Rooted, rather than rushed.
23:58 I decided.
Scrambling from the plastic chair I’d been sitting on, I pulled on my shorts, tugged a t-shirt over my head and pulled the keycard from its slot in the wall shutting off the air con and killing the lights.
My bare feet slapped against the sun warmed paving slabs as I ran, the heat remaining despite the moonlight bathing the path. A laugh, unfiltered ripped from my chest, lost to the night air flowing past me as the still warm stone gave way to cool sand, the night having stripped the heat from it as I rushed towards the shore.

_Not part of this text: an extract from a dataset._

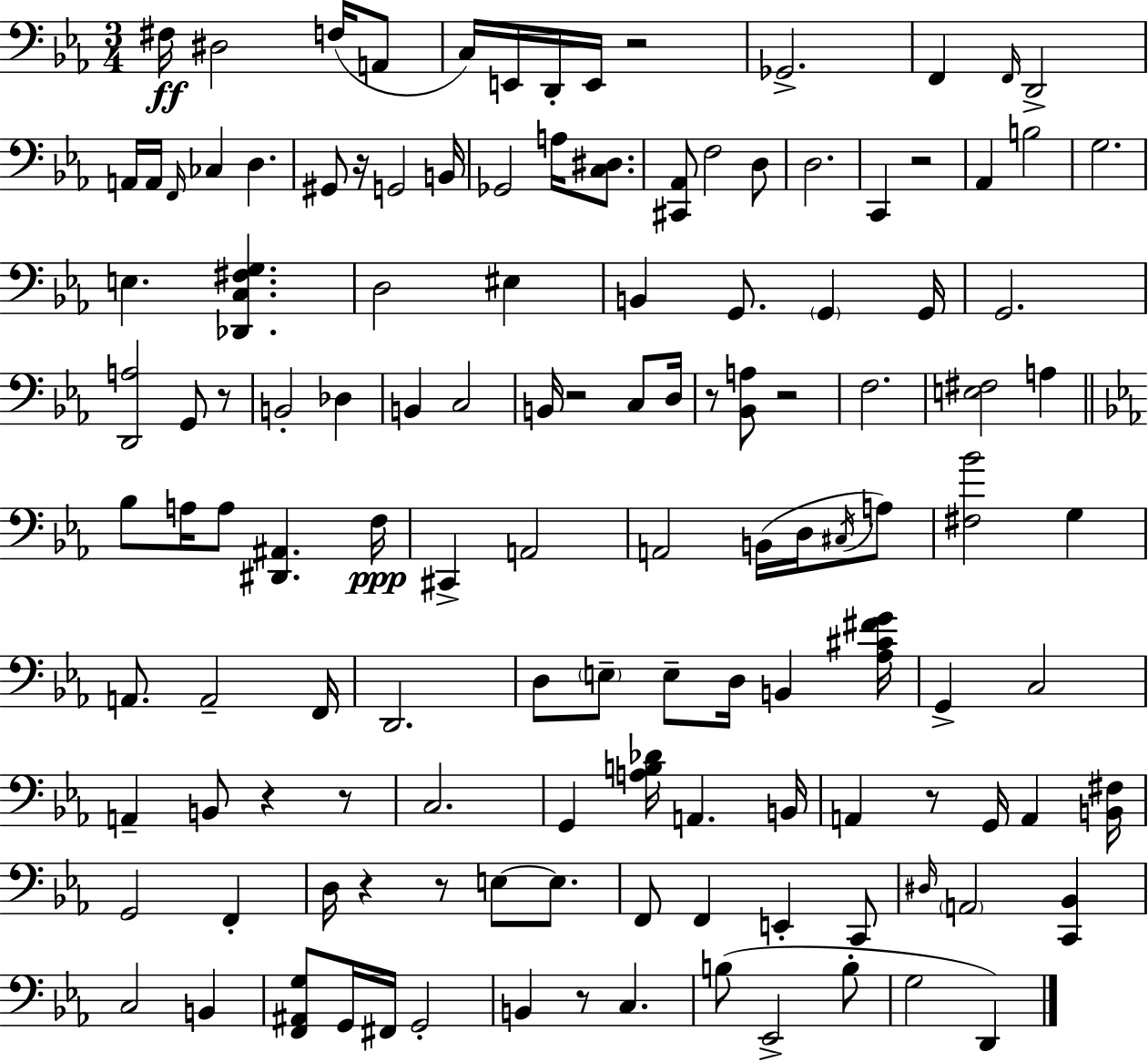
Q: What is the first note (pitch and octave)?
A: F#3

Spinning into the waves I stopped with my arms wide and took a deep breath, the first of my 30s with the swell of the sea around me bathed in the silver light of the moon, feeling both wildly alive and still.
Spending the first 30 minutes of my 30th birthday walking ankle deep along the shore was magical in itself - sitting back on the balcony with an earl grey and seeing a shooting star with the brightest tail I’ve ever encountered afterwards though - cemented it.

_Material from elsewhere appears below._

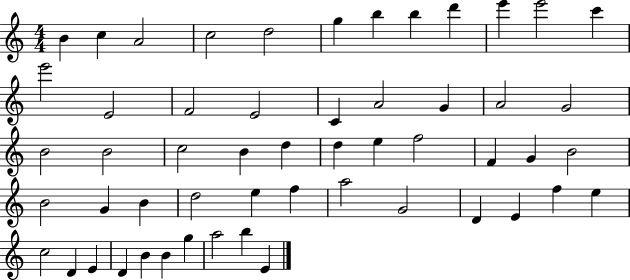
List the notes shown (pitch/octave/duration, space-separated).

B4/q C5/q A4/h C5/h D5/h G5/q B5/q B5/q D6/q E6/q E6/h C6/q E6/h E4/h F4/h E4/h C4/q A4/h G4/q A4/h G4/h B4/h B4/h C5/h B4/q D5/q D5/q E5/q F5/h F4/q G4/q B4/h B4/h G4/q B4/q D5/h E5/q F5/q A5/h G4/h D4/q E4/q F5/q E5/q C5/h D4/q E4/q D4/q B4/q B4/q G5/q A5/h B5/q E4/q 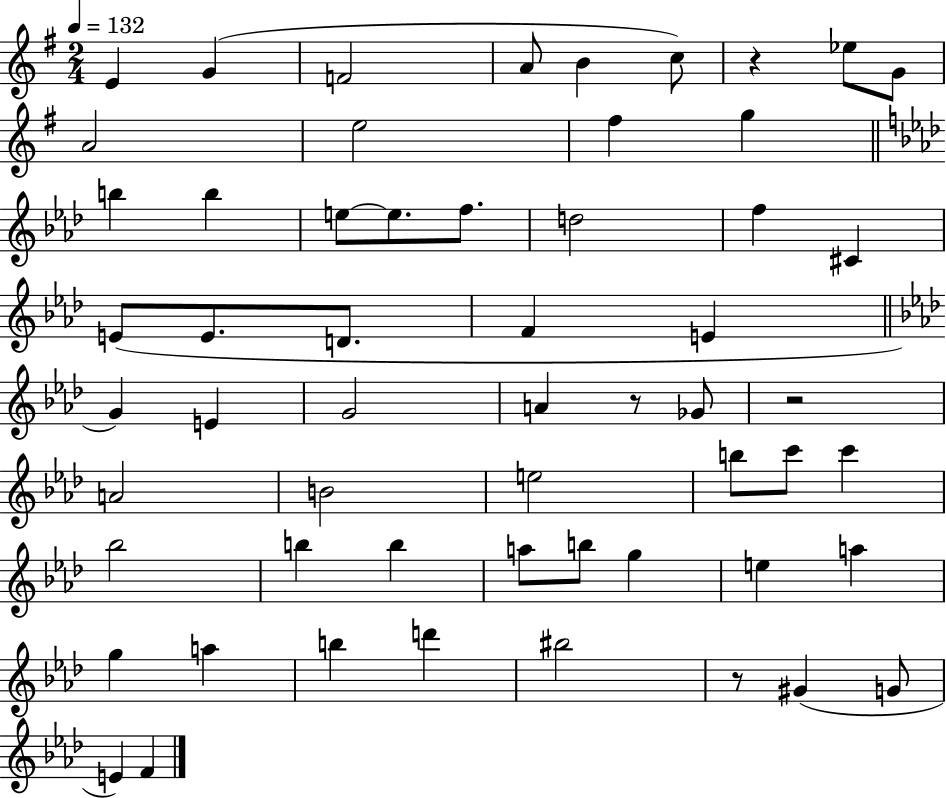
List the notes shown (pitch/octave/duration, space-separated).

E4/q G4/q F4/h A4/e B4/q C5/e R/q Eb5/e G4/e A4/h E5/h F#5/q G5/q B5/q B5/q E5/e E5/e. F5/e. D5/h F5/q C#4/q E4/e E4/e. D4/e. F4/q E4/q G4/q E4/q G4/h A4/q R/e Gb4/e R/h A4/h B4/h E5/h B5/e C6/e C6/q Bb5/h B5/q B5/q A5/e B5/e G5/q E5/q A5/q G5/q A5/q B5/q D6/q BIS5/h R/e G#4/q G4/e E4/q F4/q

Even as I write it knowing I lived it, it sounds like fiction or a very romanticised version of the truth.. yet, it’s just the truth.
Over the last two weeks I’ve noticed when the heat from a day spent in the sun has radiated between my skin and a linen shirt in the evening, or has been brushed away by a breeze not much cooler.
I’ve felt the glide of water over my shoulders, the spray of the sea against my legs dangling over the side of a boat. I’ve felt the weight of salt water and its contrast to the silky lightness of the pool.
The warmth of the tiles remaining underfoot - helped by spending much of that time barefoot, and the coolness of the saturated sand when the tide has receded.
Because I’ve been present. Truly present not just in a place, but within my own body - something I’ll own up to being notoriously bad at.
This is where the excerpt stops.